1

I wrote a function to get all prime numbers under n in C, and imported it into Python with ctypes. The function however doesn't return what I expected. How do I know the size of the returned int* pointer in Python:

primes.c file: It returns a int* pointer of all prime numbers under n

int* primes(int n)
{
  int i, j;
  int *primes = NULL;
  int *prime_numbers = NULL;
  int num_primes = 0;
  
  if (n < 3) {
    printf("n must be >= 3, you input n: %d\n", n);
    return NULL;
  }

  primes = (int *)calloc(n, sizeof(int));

  if (primes == NULL) {
    printf("Memory allocation failed\n");
    return NULL;
  }

  for (i = 0; i < n; i++) {
    primes[i] = 1;
  }

  primes[0] = 0;
  primes[1] = 0;
  
  for (i = 2; i < n; i++) {
    if (primes[i]) {
      for (j = i*2; j < n; j += i) {
        primes[j] = 0;
      }
      num_primes++;
    }
  }

  j = 0;
  prime_numbers = (int *)calloc(num_primes, sizeof(int));

  if (prime_numbers == NULL) {
    printf("Memory allocation failed\n");
    return NULL;
  }

  for (i = 0; i < n; i++) {
    if (primes[i]) {
      prime_numbers[j] = i;
      j++;
    }
  }
  free(primes);
  return prime_numbers;
}

In Python:

import ctypes
from time import perf_counter

library = ctypes.CDLL('./primes.so')
library.primes.argtypes = [ctypes.c_int]
library.primes.restype = ctypes.POINTER(ctypes.c_int)
libc = ctypes.CDLL("libc.so.6")


# ---------------------------------------------------------------------------- #
# --- Primes ----------------------------------------------------------------- #
# ---------------------------------------------------------------------------- #


def primes_c(n: int) -> list[int]:
    assert isinstance(n, int), "n must be an integer."
    assert (n >= 3), "n must be >= 3."
    primes: list[int] = library.primes(n)
    return primes

def main():
    n: int = 10
    print(f"Getting prime numbers under {n:_}.")

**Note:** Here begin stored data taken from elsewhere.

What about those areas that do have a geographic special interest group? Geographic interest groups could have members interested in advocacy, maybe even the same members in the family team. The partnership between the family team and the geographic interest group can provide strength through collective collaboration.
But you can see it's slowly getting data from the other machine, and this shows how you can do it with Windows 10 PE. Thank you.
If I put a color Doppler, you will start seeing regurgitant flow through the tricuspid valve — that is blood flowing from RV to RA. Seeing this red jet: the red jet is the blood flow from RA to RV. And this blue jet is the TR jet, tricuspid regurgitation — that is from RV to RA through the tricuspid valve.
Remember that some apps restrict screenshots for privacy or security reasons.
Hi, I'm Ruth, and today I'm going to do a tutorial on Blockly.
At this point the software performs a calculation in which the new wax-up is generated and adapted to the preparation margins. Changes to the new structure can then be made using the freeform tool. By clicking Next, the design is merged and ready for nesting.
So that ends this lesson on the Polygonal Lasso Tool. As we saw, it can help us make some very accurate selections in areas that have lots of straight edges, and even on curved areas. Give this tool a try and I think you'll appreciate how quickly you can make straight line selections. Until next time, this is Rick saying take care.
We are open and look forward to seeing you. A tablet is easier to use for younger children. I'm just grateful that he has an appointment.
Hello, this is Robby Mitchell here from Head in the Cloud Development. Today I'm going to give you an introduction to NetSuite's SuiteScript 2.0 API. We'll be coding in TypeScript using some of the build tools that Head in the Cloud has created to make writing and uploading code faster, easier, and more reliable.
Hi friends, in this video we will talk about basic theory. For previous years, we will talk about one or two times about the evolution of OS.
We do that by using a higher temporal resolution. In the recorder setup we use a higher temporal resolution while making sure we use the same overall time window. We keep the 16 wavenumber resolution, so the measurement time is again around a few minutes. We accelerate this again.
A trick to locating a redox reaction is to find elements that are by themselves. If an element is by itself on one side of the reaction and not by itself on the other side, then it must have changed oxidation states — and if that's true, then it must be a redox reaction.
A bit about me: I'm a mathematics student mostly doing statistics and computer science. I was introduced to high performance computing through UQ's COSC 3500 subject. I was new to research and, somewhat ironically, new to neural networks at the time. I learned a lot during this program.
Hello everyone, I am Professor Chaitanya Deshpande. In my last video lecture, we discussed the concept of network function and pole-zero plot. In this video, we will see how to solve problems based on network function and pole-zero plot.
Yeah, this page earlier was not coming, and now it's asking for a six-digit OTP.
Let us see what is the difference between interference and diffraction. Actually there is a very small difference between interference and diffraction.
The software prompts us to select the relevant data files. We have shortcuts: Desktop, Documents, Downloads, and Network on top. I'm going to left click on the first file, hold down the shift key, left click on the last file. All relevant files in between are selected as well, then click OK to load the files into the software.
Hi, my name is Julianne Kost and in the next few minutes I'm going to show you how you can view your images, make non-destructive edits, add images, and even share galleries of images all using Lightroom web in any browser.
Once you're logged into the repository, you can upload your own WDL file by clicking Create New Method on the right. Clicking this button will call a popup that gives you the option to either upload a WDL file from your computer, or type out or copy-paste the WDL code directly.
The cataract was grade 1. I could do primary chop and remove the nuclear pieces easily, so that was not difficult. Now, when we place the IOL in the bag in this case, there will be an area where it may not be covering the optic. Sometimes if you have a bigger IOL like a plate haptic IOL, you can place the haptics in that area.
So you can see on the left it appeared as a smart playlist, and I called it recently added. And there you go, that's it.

    print("C implementation:")
    start = perf_counter()
    prime_numbers_c = primes_c(n)
    end = perf_counter()
    print(f"took {end - start:.2f} seconds.")

    for i in prime_numbers_c:
    print(i)

    libc.free(prime_numbers_c)
    

if __name__ == '__main__':
    main()

My output looks like this, segfaulting

.
.
.
0
0
0
0
0
0
0
[1]    28416 segmentation fault (core dumped)  python3 primes.py
Wihan Uys
  • 95
  • 2
  • 14
  • 3
    You know the size of the pointer, but not the length of the data it points to. You have to specifically inform that too. One way to do that is to pass a double pointer to a buffer as an argument, which can be reallocated, and return the number of elements. – Weather Vane May 18 '23 at 17:50
  • 1
    There's no way to know the size of the returned data in either C or Python. – interjay May 18 '23 at 17:52
  • Seems like you could use `itertools.islice(prime_numbers_c, n)` to get the n elements of that array. – Nick ODell May 18 '23 at 18:03
  • 1
    @NickODell The returned array has less than n elements. – interjay May 18 '23 at 18:05
  • 4
    One way to solve this is to add a `0` at the end of the array, and make sure you don't read past it. By the way, annotating the function as returning `list[int]` when it's actually a ctypes pointer is highly misleading. – interjay May 18 '23 at 18:06
  • @interjay Thanks, this ended up working, I also changed the function annotation to "return" ctypes.POINTER(ctypes.c_int) – Wihan Uys May 18 '23 at 20:45

1 Answers1

1

Listing [Python.Docs]: ctypes - A foreign function library for Python.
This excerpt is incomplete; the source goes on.